WHAT YOU NEED TO DO -> Drop the pictures and extract exactly the lines from the one that contains "Departamento para dos" through the end of the material.

========

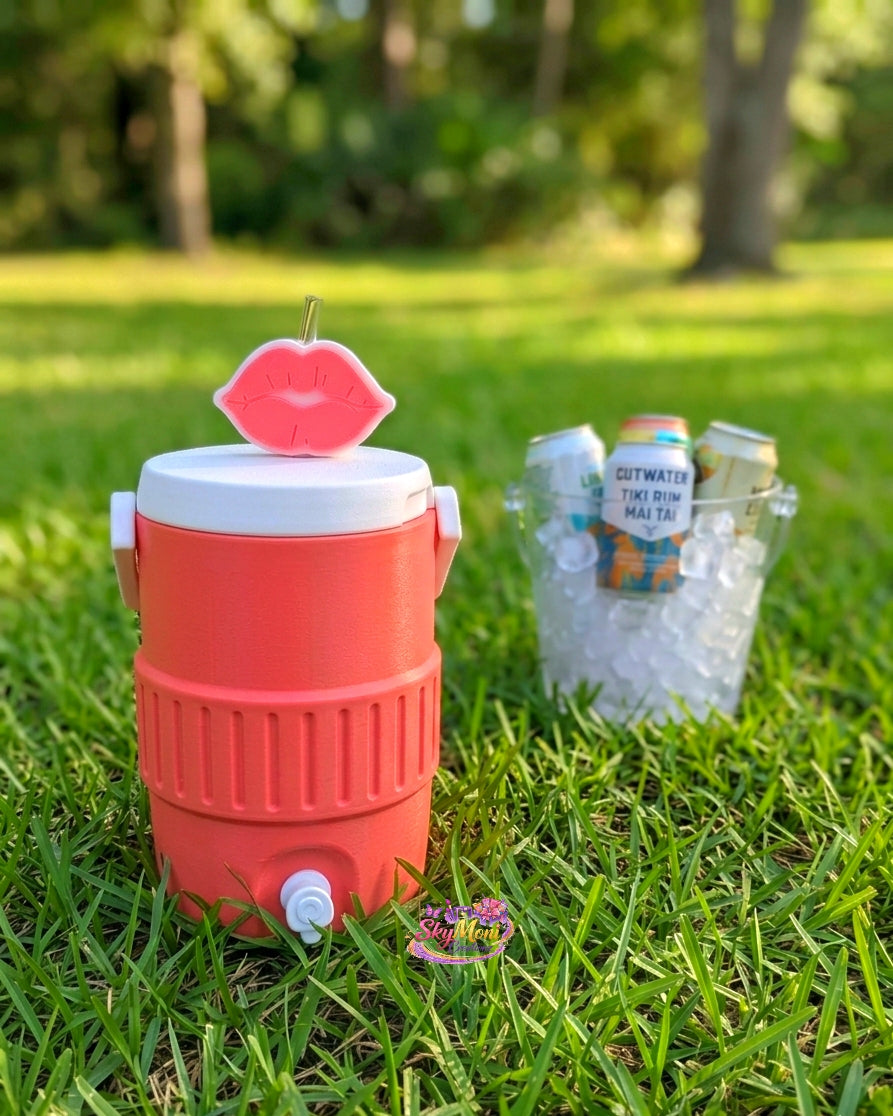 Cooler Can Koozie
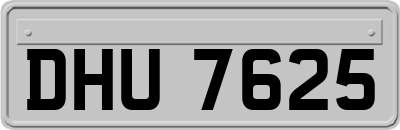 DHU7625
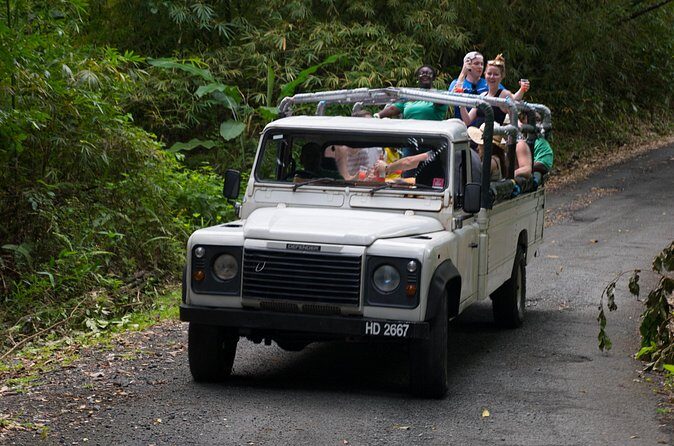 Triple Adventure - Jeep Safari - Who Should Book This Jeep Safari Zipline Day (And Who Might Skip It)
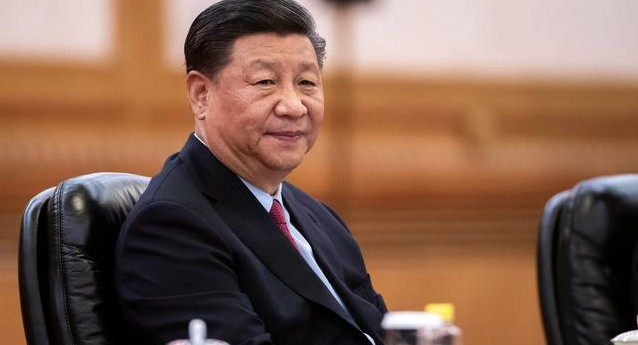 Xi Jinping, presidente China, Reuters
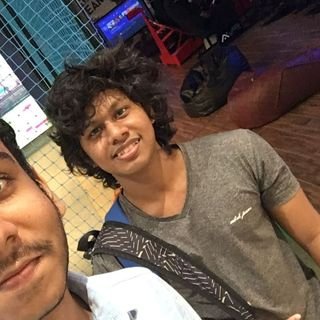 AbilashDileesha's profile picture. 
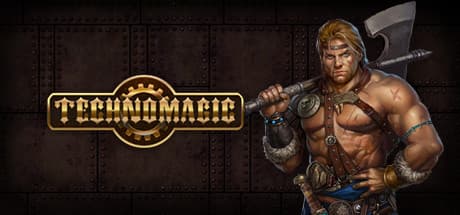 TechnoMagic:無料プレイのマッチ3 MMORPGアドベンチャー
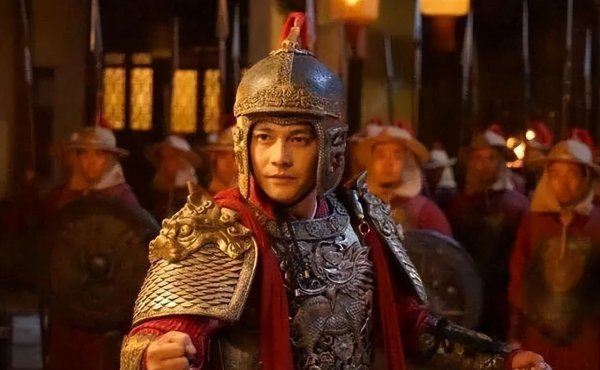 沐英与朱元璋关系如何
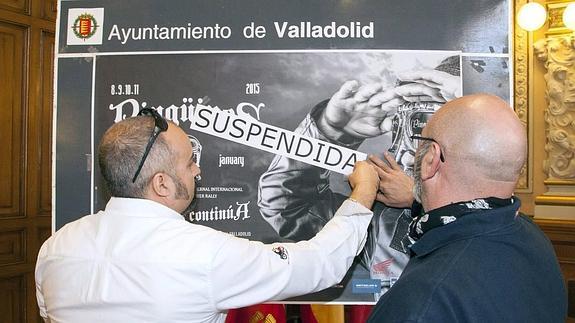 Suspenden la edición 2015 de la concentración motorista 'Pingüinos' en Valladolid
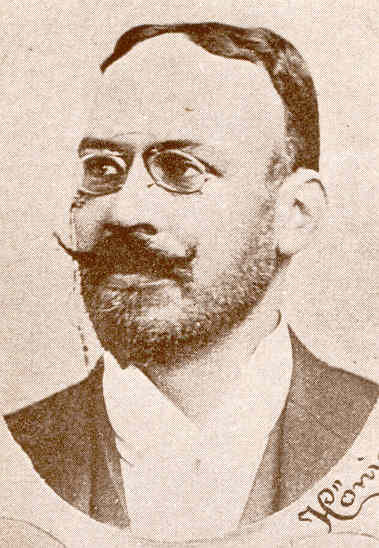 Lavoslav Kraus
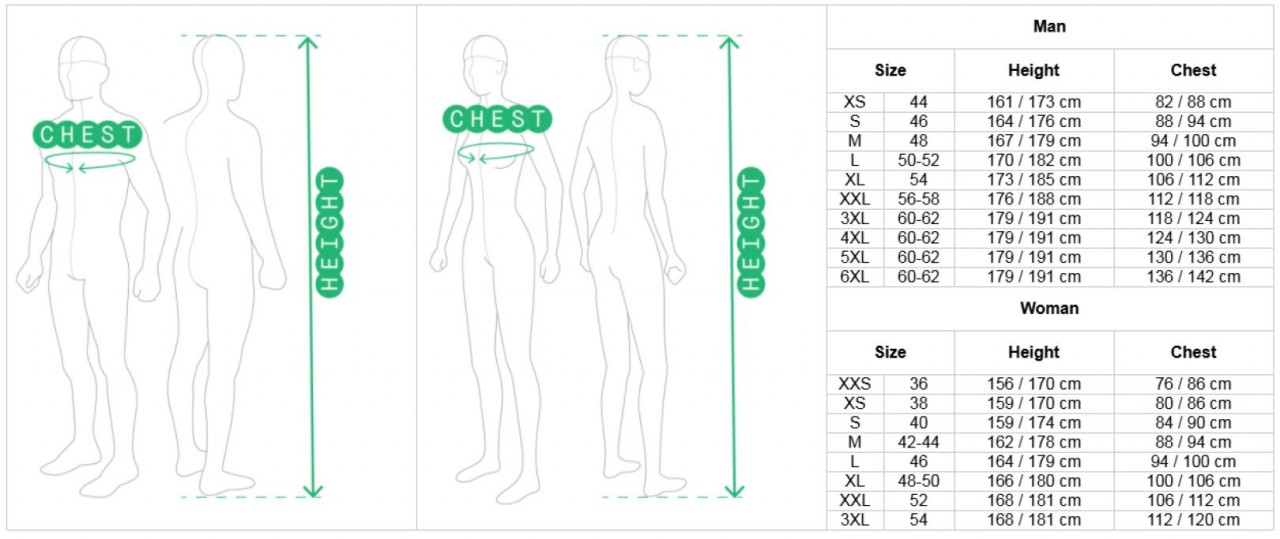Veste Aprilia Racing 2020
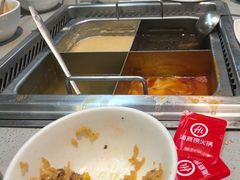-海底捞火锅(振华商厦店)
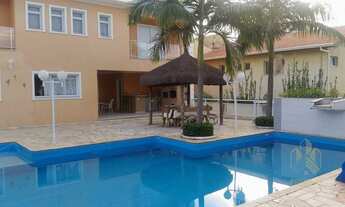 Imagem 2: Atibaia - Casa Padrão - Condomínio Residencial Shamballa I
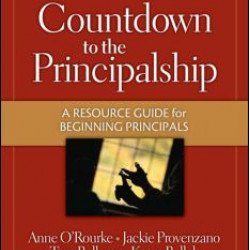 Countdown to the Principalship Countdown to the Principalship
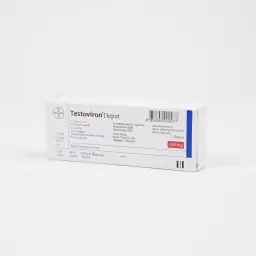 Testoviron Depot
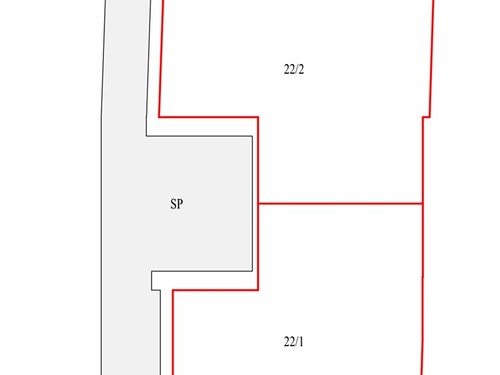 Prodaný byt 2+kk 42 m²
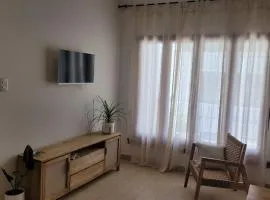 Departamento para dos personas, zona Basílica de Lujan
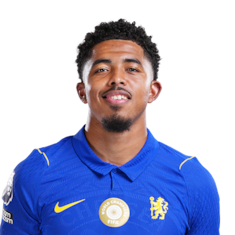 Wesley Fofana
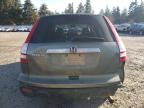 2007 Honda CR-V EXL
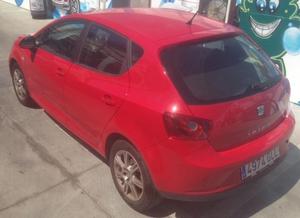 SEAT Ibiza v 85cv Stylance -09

========

TASK RESPONSE ->
 Departamento para dos personas, zona Basílica de Lujan
 Wesley Fofana
 2007 Honda CR-V EXL
 SEAT Ibiza v 85cv Stylance -09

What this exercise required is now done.